▶ [Exercise data]
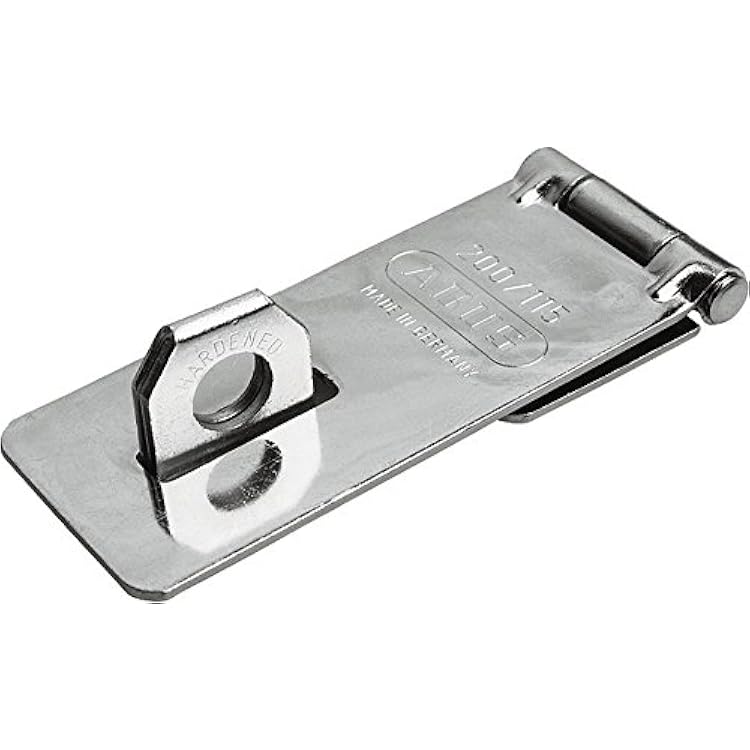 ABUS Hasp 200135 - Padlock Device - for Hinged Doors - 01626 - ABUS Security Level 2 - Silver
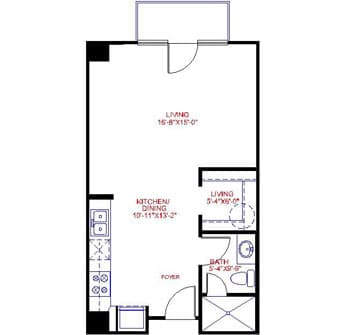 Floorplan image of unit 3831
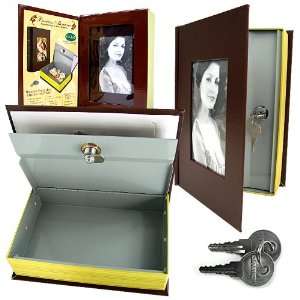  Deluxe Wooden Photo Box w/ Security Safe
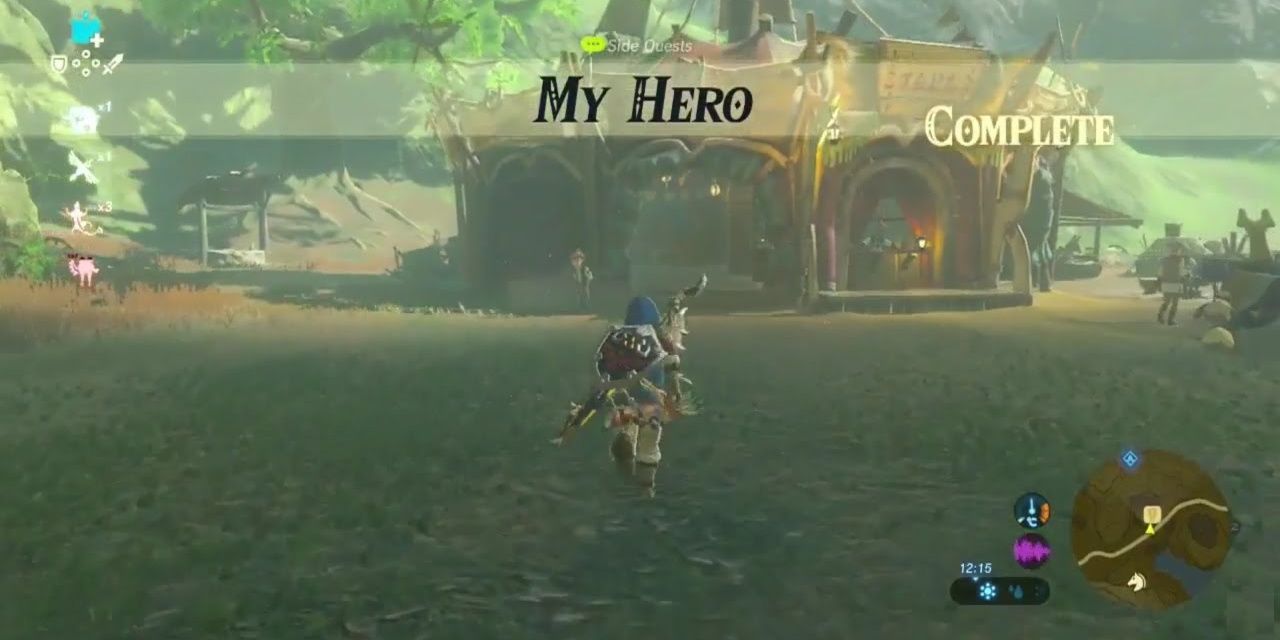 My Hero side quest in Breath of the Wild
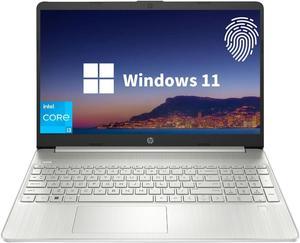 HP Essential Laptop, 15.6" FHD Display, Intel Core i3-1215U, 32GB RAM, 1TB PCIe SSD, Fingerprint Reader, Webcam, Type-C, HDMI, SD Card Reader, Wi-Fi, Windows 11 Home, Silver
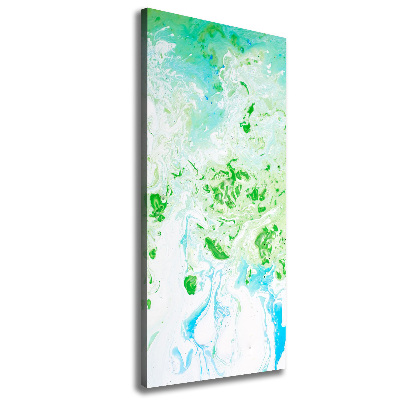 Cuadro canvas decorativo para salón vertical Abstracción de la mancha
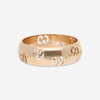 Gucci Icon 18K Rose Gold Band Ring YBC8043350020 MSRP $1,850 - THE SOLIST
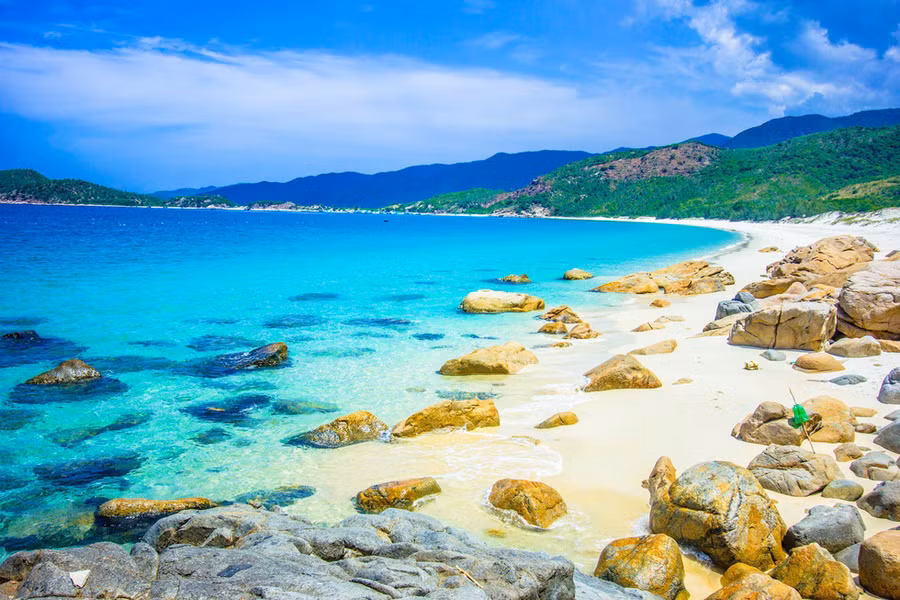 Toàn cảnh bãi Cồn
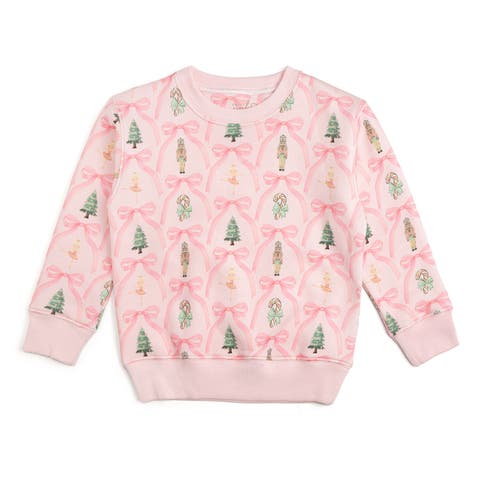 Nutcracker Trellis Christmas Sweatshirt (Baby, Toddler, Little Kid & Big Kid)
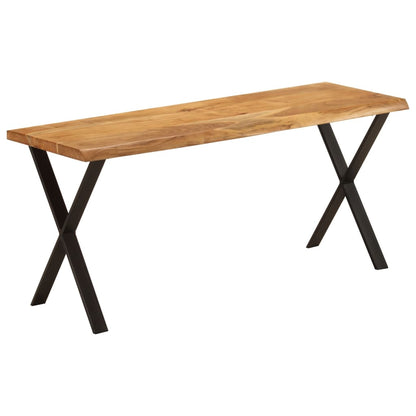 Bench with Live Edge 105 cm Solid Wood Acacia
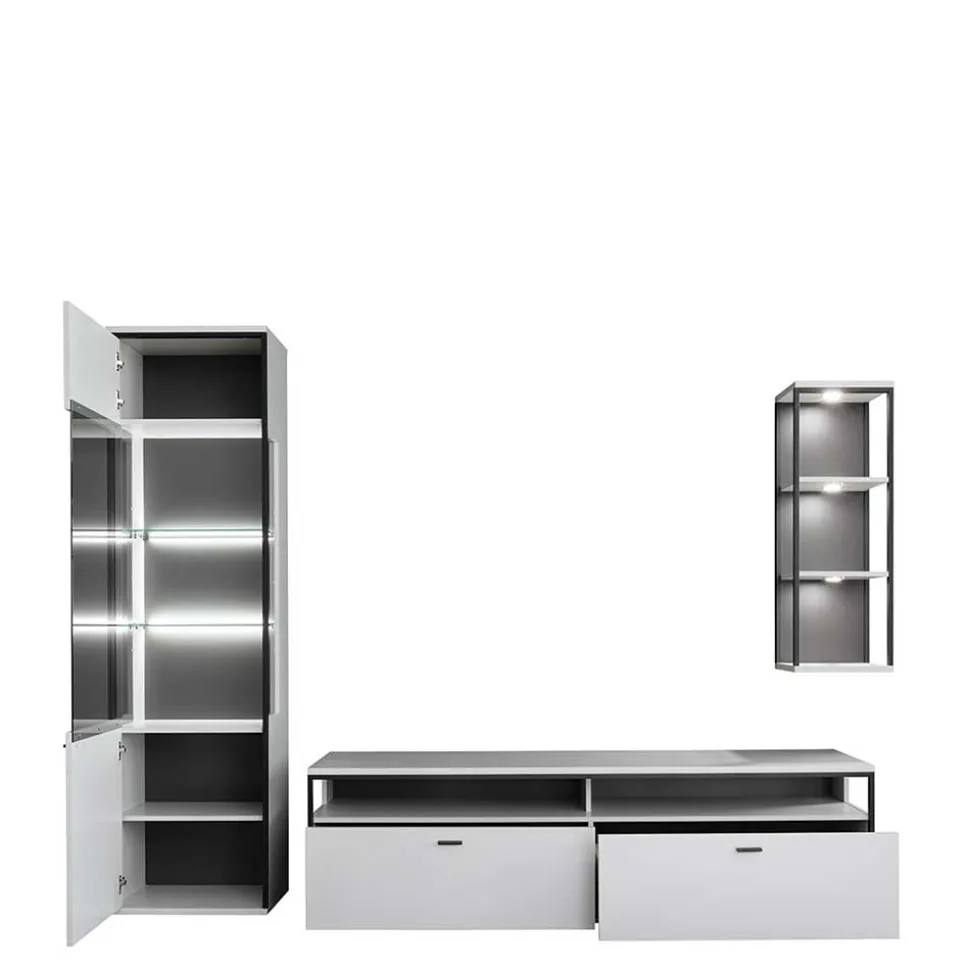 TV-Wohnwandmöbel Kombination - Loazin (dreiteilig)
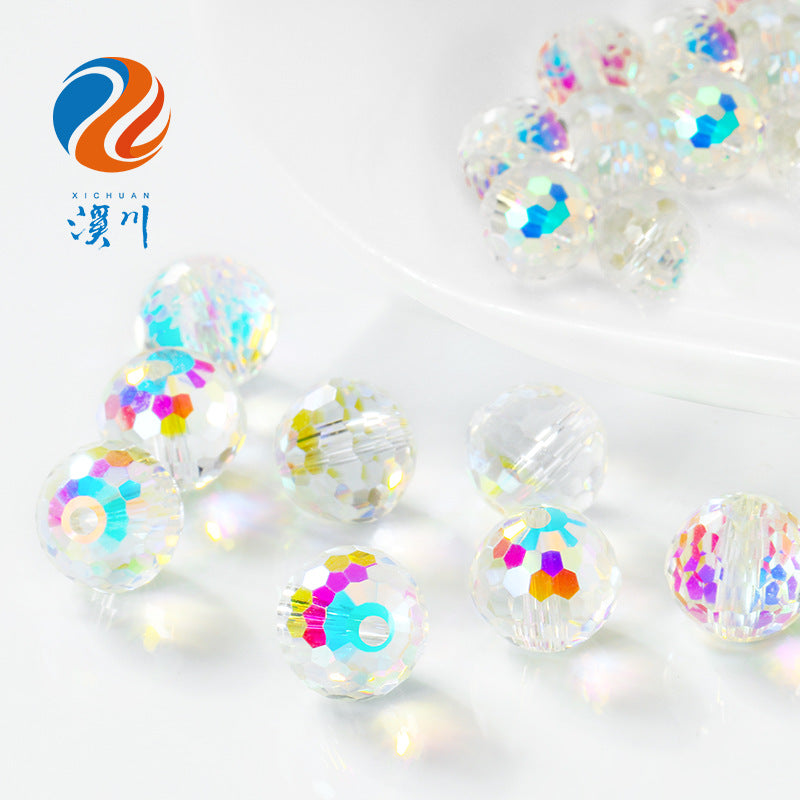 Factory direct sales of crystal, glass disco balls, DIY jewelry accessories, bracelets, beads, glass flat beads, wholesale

▶ [Exercise]
Word for word, restate the records shown above, minus the pictures.

▶ [Response to this exercise]
 ABUS Hasp 200135 - Padlock Device - for Hinged Doors - 01626 - ABUS Security Level 2 - Silver
 Floorplan image of unit 3831
  Deluxe Wooden Photo Box w/ Security Safe
 My Hero side quest in Breath of the Wild
 HP Essential Laptop, 15.6" FHD Display, Intel Core i3-1215U, 32GB RAM, 1TB PCIe SSD, Fingerprint Reader, Webcam, Type-C, HDMI, SD Card Reader, Wi-Fi, Windows 11 Home, Silver
 Cuadro canvas decorativo para salón vertical Abstracción de la mancha
 Gucci Icon 18K Rose Gold Band Ring YBC8043350020 MSRP $1,850 - THE SOLIST
 Toàn cảnh bãi Cồn
 Nutcracker Trellis Christmas Sweatshirt (Baby, Toddler, Little Kid & Big Kid)
 Bench with Live Edge 105 cm Solid Wood Acacia
 TV-Wohnwandmöbel Kombination - Loazin (dreiteilig)
 Factory direct sales of crystal, glass disco balls, DIY jewelry accessories, bracelets, beads, glass flat beads, wholesale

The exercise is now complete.